J’ai commencé mes études par une licence de psychologie puis par une licence professionnelle en ressources humaines. J’ai par la suite débuté ma carrière en tant que responsable recrutement au sein d’une société d’intérim puis je suis parti au Luxembourg pour m’orienter vers une activité de consulting en ressources humaines où j’œuvrais tant dans l’accompagnement RH que dans le recrutement de profils cadres et non-cadres. Mon ami ayant été muté, j’ai dû pour le suivre quitter ma carrière professionnelle là-bas, ce qui fût d’ailleurs assez compliqué.
Mon arrivée à Pau n’a pas été simple car la région est parfois “hostile” aux non-natifs mais ayant fait de la réserve depuis mes 18 ans, j’ai pu facilement intégrer le GSBdD (groupement de soutien de base de Défense). Cela m’a donné l’opportunité d’officier pendant presque deux ans en qualité de réserviste dans les ressources humaines. Suite à cela, j’ai trouvé un poste de responsable RH au sein d’une PME dans le secteur aéronautique, sur lequel je suis resté trois ans. J’ai quitté mon poste en septembre dernier pour démarrer en tant que Responsable RH dans le secteur de l’hôtellerie-restauration.
Mon objectif est de savoir dans quel état d’esprit se trouve une personne lorsqu’elle travaille
J’ai toujours été très intéressée par la psychologie, et plus particulièrement par la psychologie au niveau du travail. Au-delà du fait que quelqu’un soit dans une entreprise et réalise ses tâches professionnelles, mon objectif est de savoir dans quel état d’esprit se trouve une personne lorsqu’elle travaille, comment on peut faire pour qu’une entreprise puisse mieux fonctionner à travers les aspects psychologiques et sociaux. Pour ne rien vous cacher, mon souhait était de faire ce métier dans l’armée sur une partie « développement de carrière » mais, ayant rencontré mon mari qui était déjà dans les armées, j’ai fait le choix de lui laisser sa carrière à lui, plutôt que la mienne.

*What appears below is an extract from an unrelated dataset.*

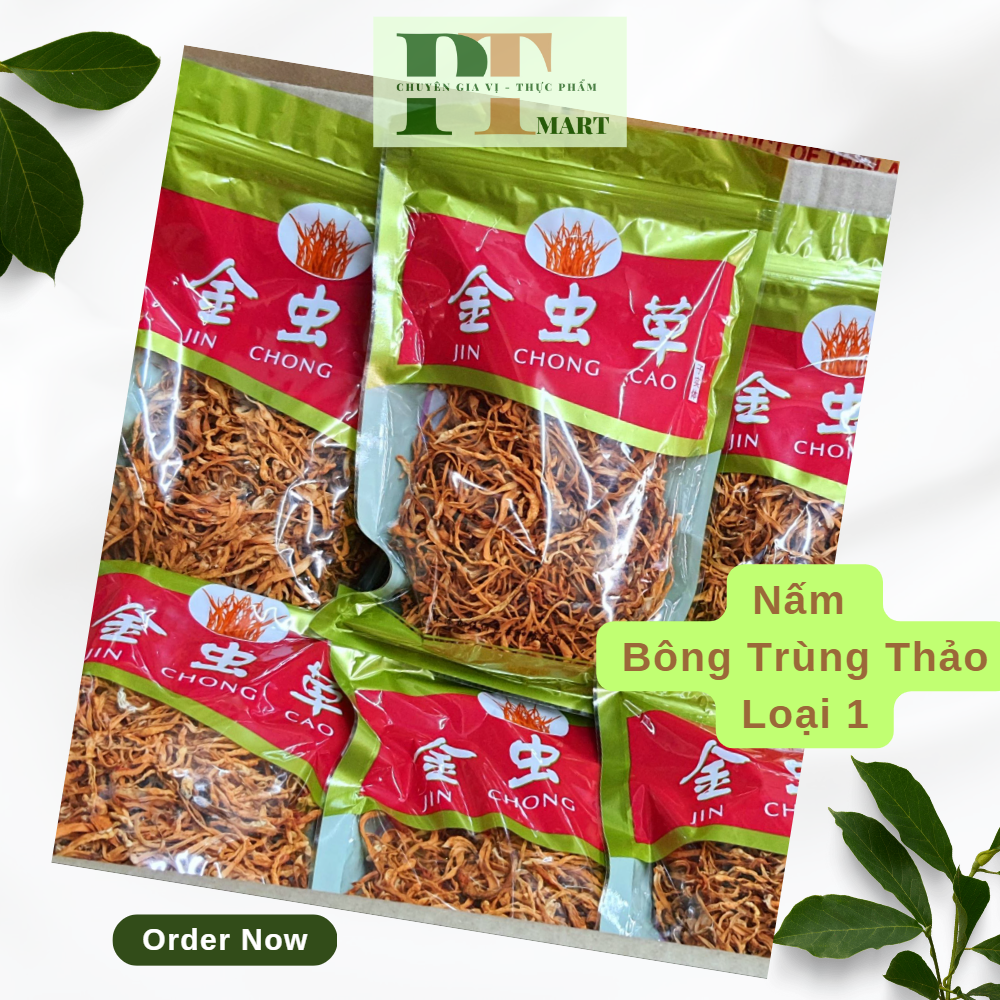 Bông đông trùng hạ thảo/ nấm kim trùng thảo. gói 100g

Pourriez-vous me parler de votre entreprise ?
Il s’agit du palace « Les Prés d’Eugénie » situé non loin de Mont-de-Marsan dans les Landes. Maison appartenant à la famille Guérard (dirigeants de la Chaîne Thermale du Soleil), ce resort a la particularité de disposer d’une partie thermale. Au-delà du cadre de travail très agréable, ce qui m’a séduit dans ce poste est le côté très humain de cette entreprise que j’ai ressenti dès le moment où j’ai rencontré Adeline Guérard (une des directrices de l’entreprise). Dans les faits, la direction ne voit pas les salariés comme un numéro ou un nom sur un organigramme, et cela est extrêmement important pour moi. Pour exemple, bien que nous puissions monter à 300 employés en période de forte activité, la direction fait en sorte de connaître le nom de chaque salarié et le service dans lequel il évolue, tout en sachant qu’ils gèrent aussi depuis Paris La Chaîne Thermale du Soleil (20 établissements).

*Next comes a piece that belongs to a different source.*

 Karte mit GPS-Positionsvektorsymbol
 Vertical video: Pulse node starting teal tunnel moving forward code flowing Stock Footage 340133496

Le caractère psychologique et le climat social que l’on peut réussir à développer est donc fondamental pour réussir à fidéliser ces salariés temporaires.
Nous employons 120 salariés permanents en CDI qui œuvrent surtout sur des fonctions supports (patrimoine, entretien, etc.) et des emplois saisonniers (contrats de neuf mois principalement) sur la partie « hôtellerie et restauration ». Le caractère saisonnier de notre activité implique un côté fluctuant des salariés : il ne s’agit pas d’une entreprise classique où une personne recrutée va rester pendant un, deux, trois ou quatre ans. La difficulté de l’activité saisonnière est de recruter des personnes qui savent qu’elles vont rester sur un temps limité mais d’arriver à les fidéliser pour qu’elles reviennent sur les saisons suivantes. Le caractère psychologique et le climat social que l’on peut réussir à développer est donc fondamental pour réussir à fidéliser ces salariés temporaires.
Quels sont vos liens avec le monde des armées ?
Je suis mariée à un militaire depuis dix ans, ma mère a fait carrière dans l’armée et je suis réserviste depuis mes 18 ans. Il va de soi que tout n’est pas parfait dans l’armée mais c’est pour moi une chose importante car cette institution véhicule des valeurs extrêmement importantes.
Lorsque j’ai débuté mon poste de Responsable RH au sein de cette PME dans le secteur aéronautique, j’ai de suite pris contact avec avec le pôle en charge de la mobilité des militaires pour activer ce potentiel de recrutement et d’une certaine manière, pour apporter ma pierre à l’édifice dans le lien armée-nation et la reconversion militaire. Cela a fonctionné car nous avons recruté deux anciens militaires.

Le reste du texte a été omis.